Practical application: If A is a current treatment, and B is a
potential new one, then smaller αs mean that we are more
concerned with marketing a non-superior new drug. Smaller βs
mean we are more concerned with missing a superior new drug.
5: Effect of Study Size on Risks of Error
In the previous slide, the FDA may want a small α, and drug
company might want a small β. To achieve this, a larger study
could be performed. We can verify this with our graph.

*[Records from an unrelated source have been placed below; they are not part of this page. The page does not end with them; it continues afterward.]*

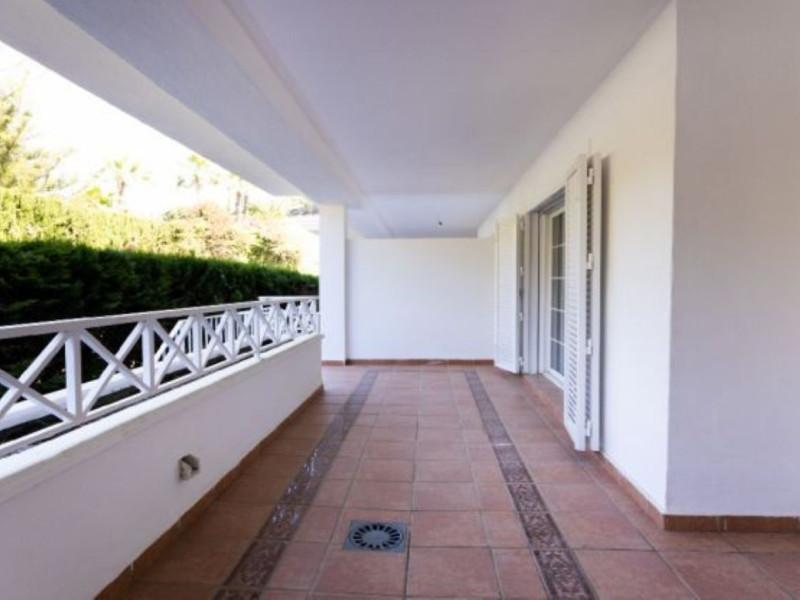 Apartamentos en Venta en Avenida de la Alcudia, Marbella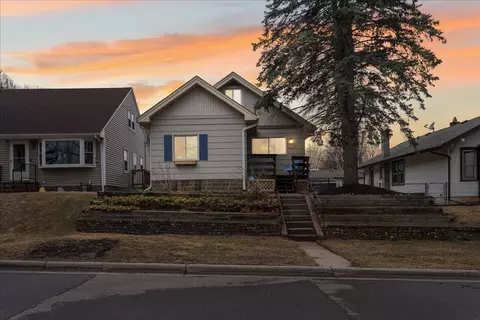 210 15th Ave S, South Saint Paul, MN 55075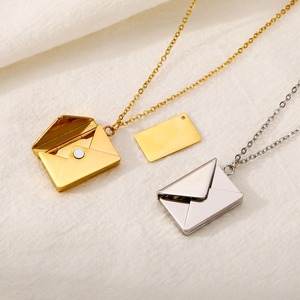Collana <span class=keywords><strong>con</strong></span> Ciondolo a Forma di Busta per Lettera d'Amore in Acciaio Inossidabile, Scatola per Messaggio Segreto Incidibile, Regalo per Lei, Fidanzata, San Valentino - Product Image 4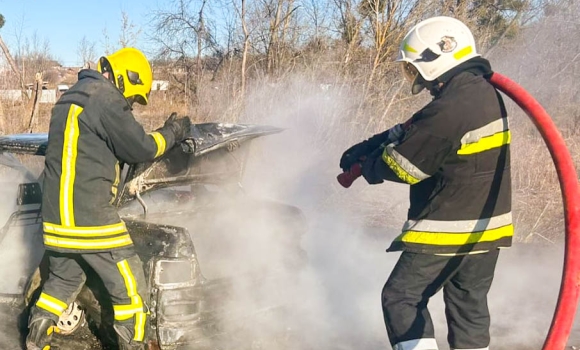 На Вінниччині за одну добу згоріли два легкових автомобілі 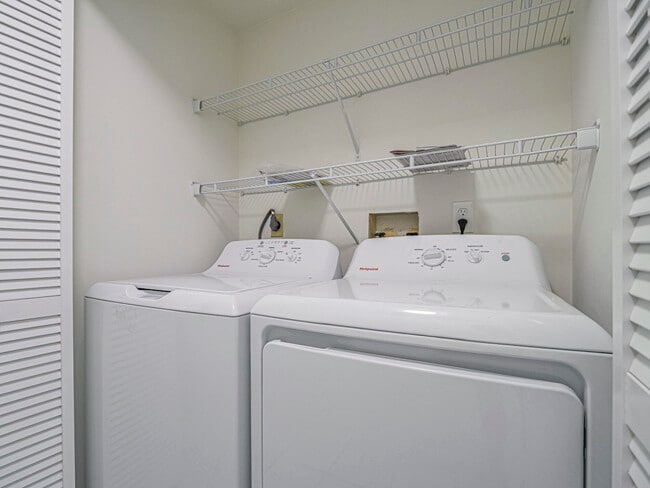 Building Photo - 8520 U.S. Rte 1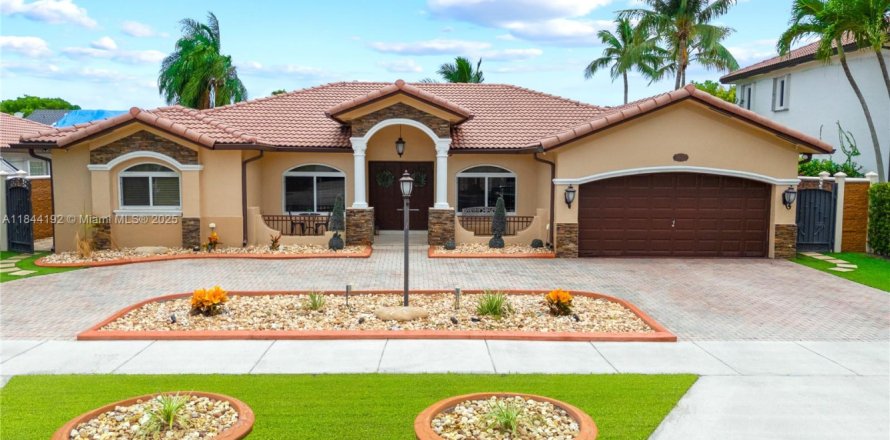 House in Miami, Florida 4 bedrooms, 203.18 sq.m. № 1839572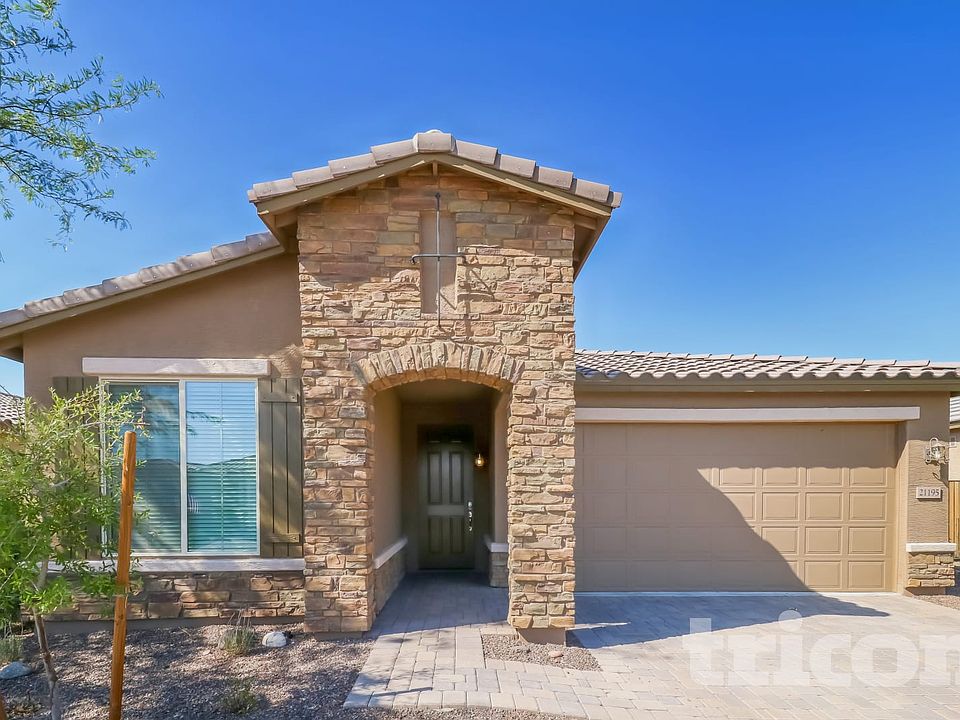 1st image of 21195 W Palm Ln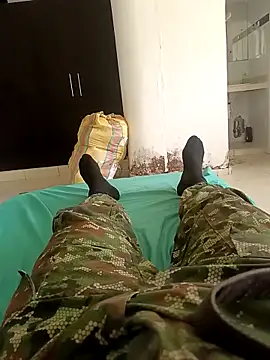 Snapshot of alejos81 chatting on October 12, 4:50 pm alejos81 online show from October 12, 4:50 pm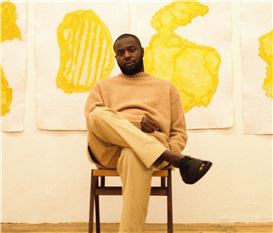 Anthony Akinbola’s Durag Paintings Ponder How Objects Become Status Symbols—Or Can Be Easily Fetishized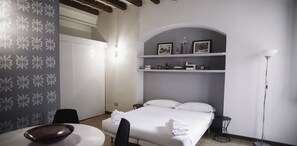 Apartment (1 Bedroom) | Front of property - Italianway   - C.so Como (Milan)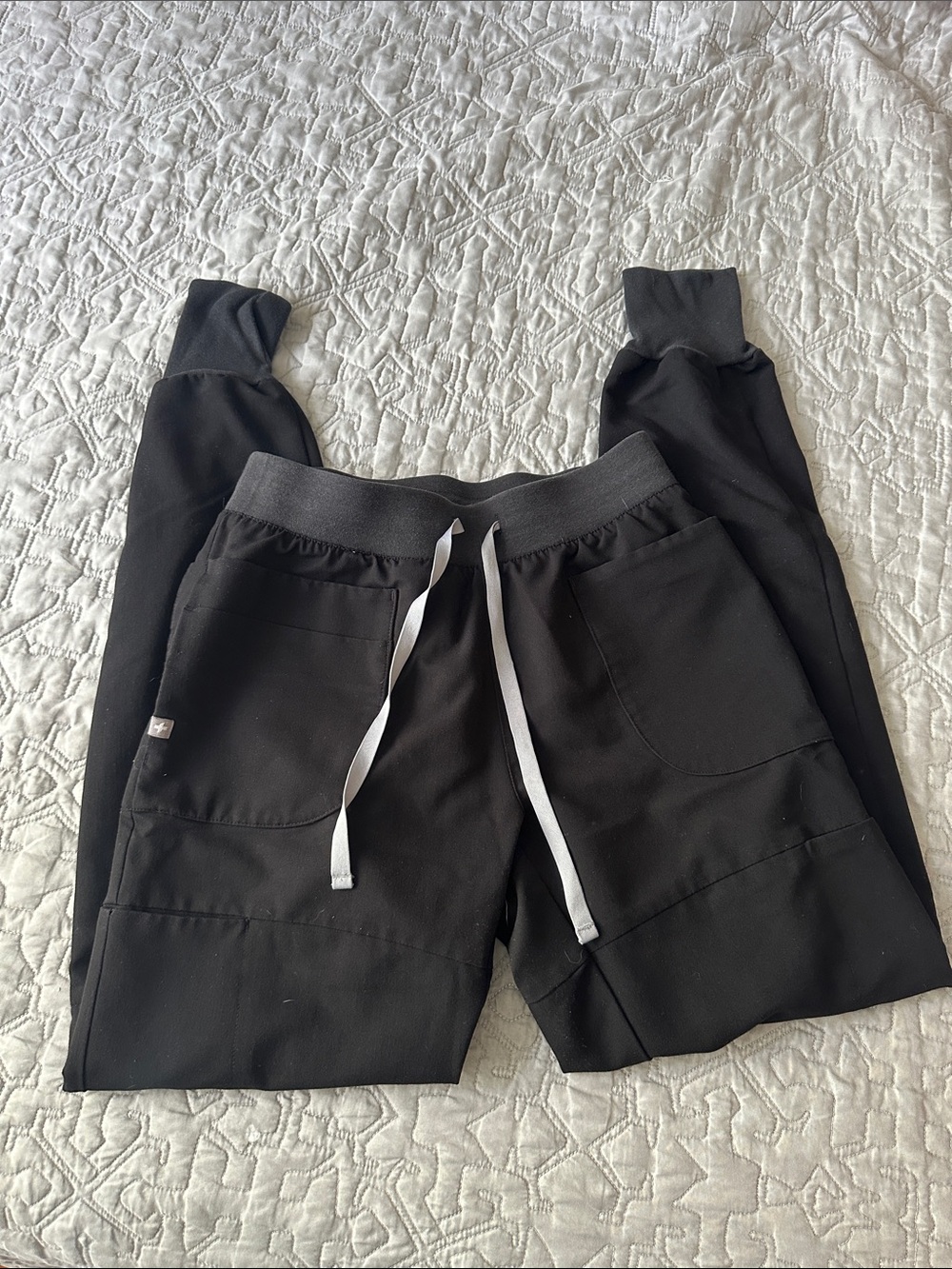 Women’s Figs Black Jogger Scrubs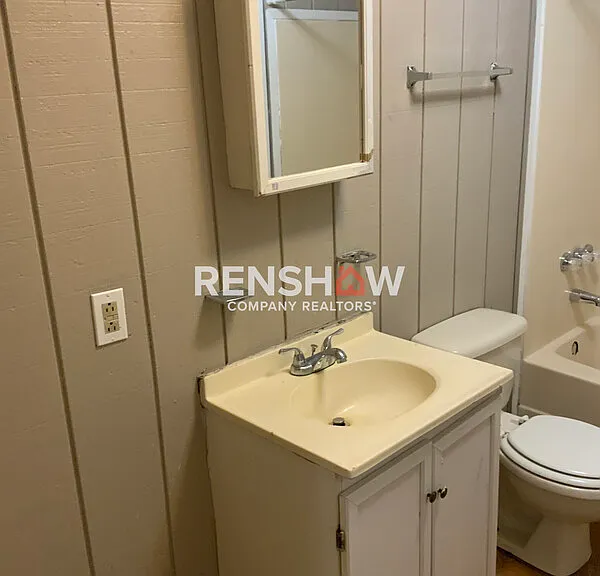 180 Ross Ave — Photo 6
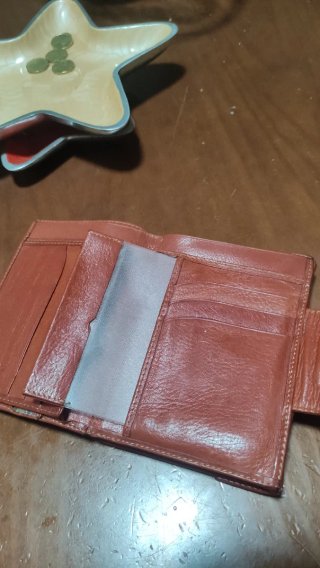 Monedero Guy Laroche Marrón/Naranja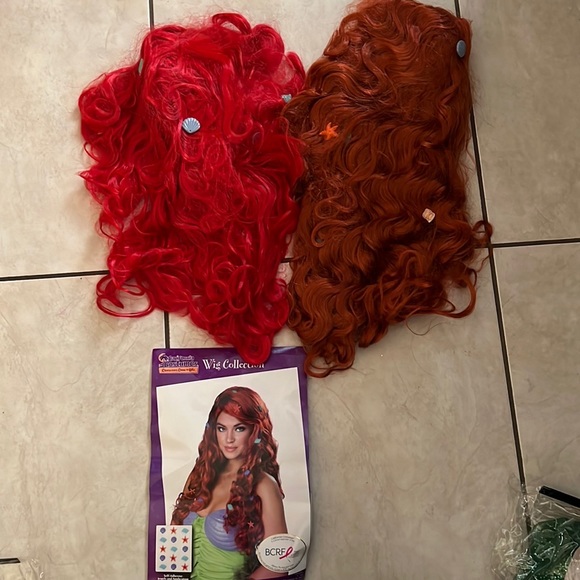 Womens mermaid costume and wigs - Picture 4 of 6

In our figure example, suppose we had had a larger study, say
twice as many subjects in each group. Then, both curves will be
narrowed, since their widths depend on SE, which has N in the
denominator. If we maintain α=0.05, the ///\\\ demarcation will
shift to the left due to the narrowed left curve, and β will be much
smaller, due to both the narrower right curve, and the
demarcation shift. The demarcation could then be shifted to the
right to lower α, which increases the current β, but still keeps it
small.
There are algorithms to choose the right N to achieve any desired
α and β.
Power of a Study
Statistical power = 1 – β.
Power is thus the probability of correctly detecting an effect in a
study. In our example, the drug company is really thinking not in
terms of β, but in the ability of the study to detect that the new
drug is actually more effective, if in fact it is.
Since the FDA requires α=0.05, then a major component of
designing a study is the determination of it’s size so that it has
sufficient power.
This is the topic for the next session #4.